Some lawyers are ‘general practitioners’ - i.e. they practise in various areas of law. They may work with or bring in outside counsel as ‘specialists’ when it comes to areas of law that they do not practice or are not familiar with. This is not unlike the relationship between general practitioner doctors and specialists.
A few lawyers have niche practices - in areas such as admiralty (ships/shipping), insurance litigation, environmental law, and so on.
Most court-faring lawyers do not dabble among the ‘subspecialties’; they specialize in one or the other.
As a point specific to Malaysia, some lawyers are also qualified to practise Syariah law. They are styled and known as ‘Syarie lawyers’. These lawyers are Muslims, have exclusive rights of audience in the Syariah courts, and are involved when dealing with Muslims or Muslim-related matters (e.g. faraid - inheritance, hadanah - custody, harta sepencarian - matrimonial property). They are sometimes advocates and solicitors of the civil courts too, but need not be so. The Syarie qualification is a separate one.
When appearing in court, a lawyer is formally known as an ‘advocate’.
Despite the title of ‘advocate’, advocates address each other and are addressed by the courts as ‘counsel’. (This difference may be confusing, but is not surprising. People call physicians ‘doctors’, but doctors among themselves use other descriptive titles, such as ‘medical officer’, ‘consultant’, ‘houseman’, and the like.)
In Malaysia, the word ‘lawyer’ mainly refers to the full title of ‘advocate and solicitor’. We do not have distinguishing concepts such as ‘solicitor-advocate’ or ‘barrister’. (Yes, a select and colourful few advocates market themselves as ‘barristers’, taking purchase after the English term and reasoning themselves so by their exclusive focus on pure court work. But it is generally deemed pretentious to style oneself as a ‘barrister’, as we historically have had no distinct class of ‘barristers’ in Malaysia, and as Malaysian lawyers generally go beyond what barristers in England do in our fused capacity, such as advising/conducting litigation for clients directly.)

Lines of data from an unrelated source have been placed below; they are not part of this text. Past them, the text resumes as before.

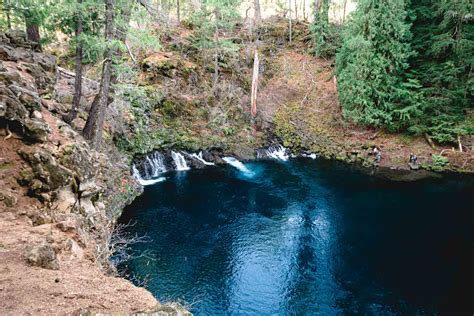 Hiking to Tamolitch Blue Pool in Central Oregon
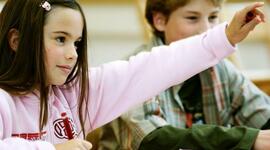 Vești bune pentru elevii defavorizați. Când vor primi 500 de lei pe cardurile educaționale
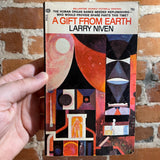 A Gift from Earth - Larry Niven - 1968 Paperback Edition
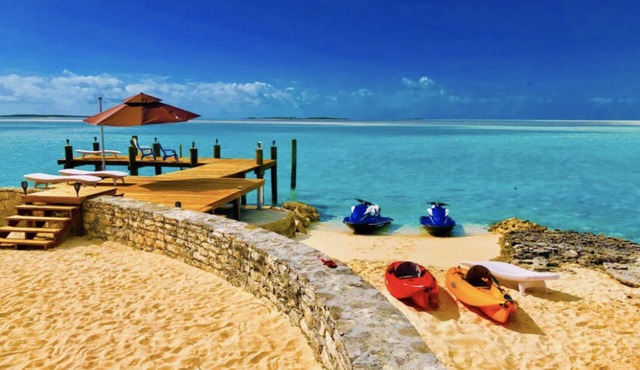 BEACH FRONT HOME WITH DOCK AND BEACH. Blue hole and sandbar nearby.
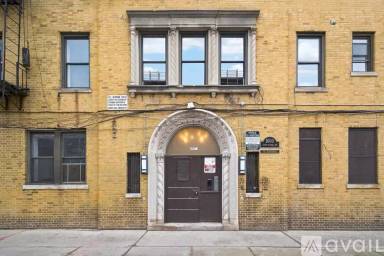 Main picture of 1003 S Orange Ave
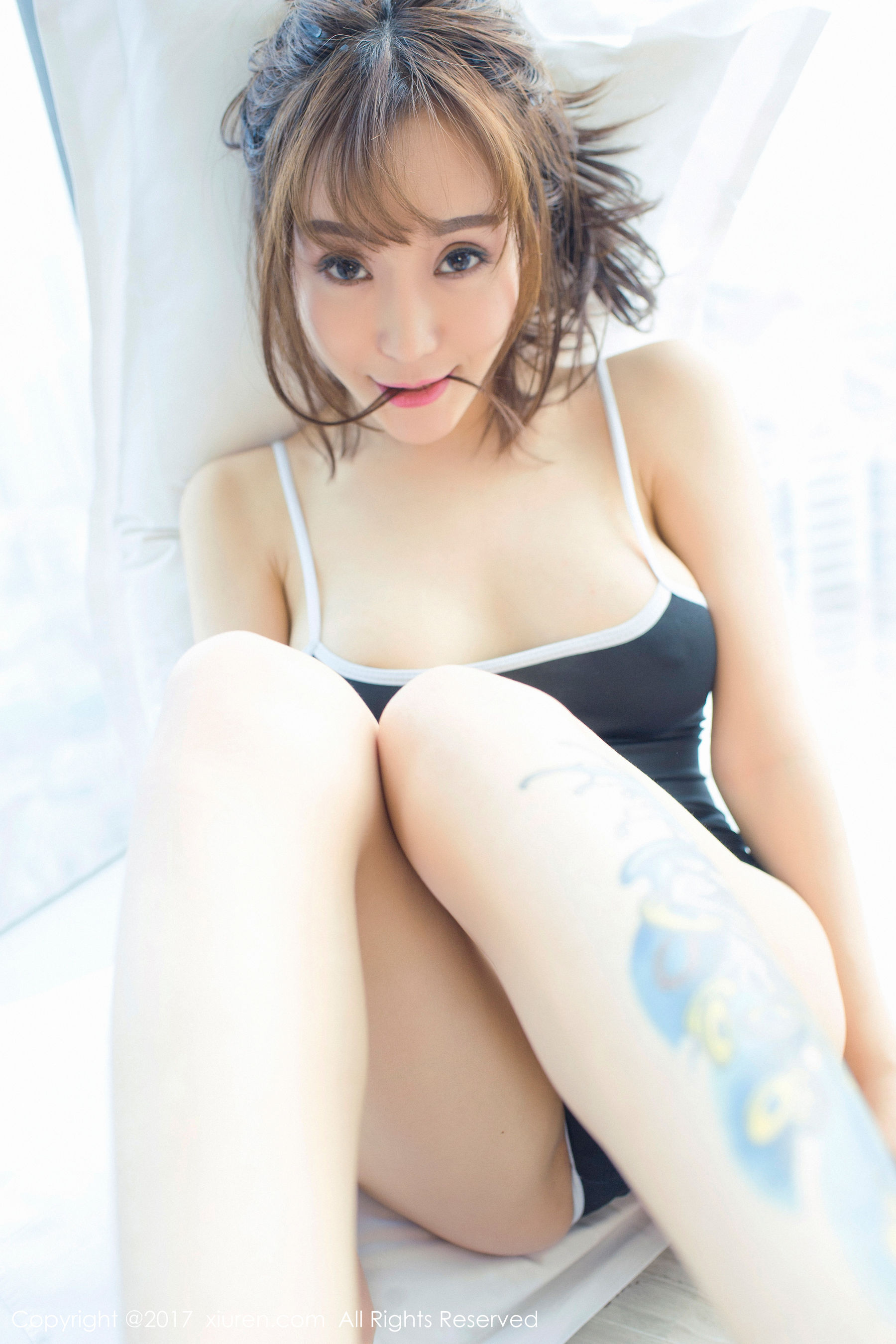 顾灿《这个合集只玩腿》 [秀人XIUREN] NO.821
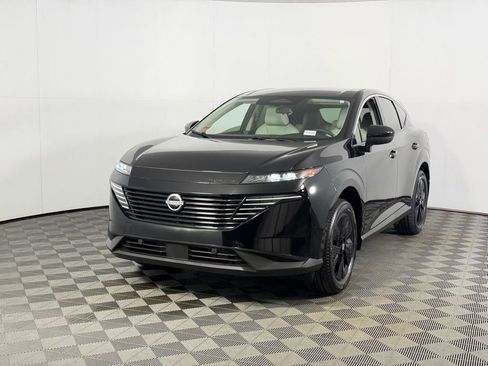 Used 2025 Nissan Murano SV AWD/4WD image 2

Lawyers who don’t go to court are always ‘solicitors’, while lawyers who go to court can be both ‘advocates’ and ‘solicitors’. The latter use of the term ‘solicitor’ is in specific reference to one’s capacity/roles when not in court, such as when writing letters, meeting clients, accepting documents, etc.
This point may not be known to a layperson, or an end client, but in Malaysia, a qualified lawyer - no matter how inexperienced - can appear in court at any time as an advocate.
This is because all practising and qualified lawyers in Malaysia have a ‘right of audience’ - i.e the right to appear on behalf of their clients before the courts of justice.
Appearance without the requisite competency or experience may lead to negligence or malpractice.
As a matter of prudence, always ask for your lawyer’s specialty/subspecialty before retaining him, and seek another lawyer if he is unable to take conduct of your matter.